A bit of cloud science

Hello, cloud lovers.

It's an interesting feature of how our brains work that sometimes we require language to extend our appreciation of some natural phenomenon. For example, before I joined the scout troop at Tiffin Boys School, clouds were just, well, clouds to me. But then - in order to gain some badge or other - I learnt about cirrus and cumulus clouds, and the various combinations and variants thereof. Suddenly I could talk about clouds with specification and authority.

And I love the science of clouds. I particularly like those fluffy characters with flat bottoms, as if they have been pressed down onto some glass ceiling a few hundred feet up in the air above us. That glass ceiling is actually the exact height at which the warm, dense air reaches the dew point where it can't hold water as vapour any longer and it becomes liquid, and that is what we see as clouds.

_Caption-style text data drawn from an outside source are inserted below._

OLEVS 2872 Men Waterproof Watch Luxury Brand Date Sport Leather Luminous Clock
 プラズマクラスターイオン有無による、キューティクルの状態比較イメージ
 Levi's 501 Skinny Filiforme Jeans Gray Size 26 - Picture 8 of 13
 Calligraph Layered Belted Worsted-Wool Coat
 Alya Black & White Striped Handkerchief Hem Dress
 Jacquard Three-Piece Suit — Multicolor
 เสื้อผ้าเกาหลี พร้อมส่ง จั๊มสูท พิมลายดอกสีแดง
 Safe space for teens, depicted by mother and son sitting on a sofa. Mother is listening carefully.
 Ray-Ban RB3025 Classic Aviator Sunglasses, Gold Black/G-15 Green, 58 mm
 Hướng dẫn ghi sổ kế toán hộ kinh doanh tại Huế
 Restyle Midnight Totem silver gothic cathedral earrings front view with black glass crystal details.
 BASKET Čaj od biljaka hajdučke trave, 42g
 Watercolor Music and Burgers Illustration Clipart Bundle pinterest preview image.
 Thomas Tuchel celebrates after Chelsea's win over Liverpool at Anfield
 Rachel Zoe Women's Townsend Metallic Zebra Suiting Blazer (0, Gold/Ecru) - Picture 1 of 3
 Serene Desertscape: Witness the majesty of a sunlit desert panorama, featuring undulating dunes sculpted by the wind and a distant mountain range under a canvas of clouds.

For no particular reason, I've been wanting to write about this for a while and, today, as I was driving back along the M65 from a meeting with a client to the Minx's house, I saw loads of these flat bottomed clouds. And that was really frustrating as there was nowhere that I could pull over safely to photograph them.

I was moaning about this as soon as I walked through the door and the Minx - entirely characteristically - suggested that we head straight back out to find a place from which we could photograph them. Thus we had a nice drive out out, chasing the particular clouds that I wanted, just so that I could take this photograph.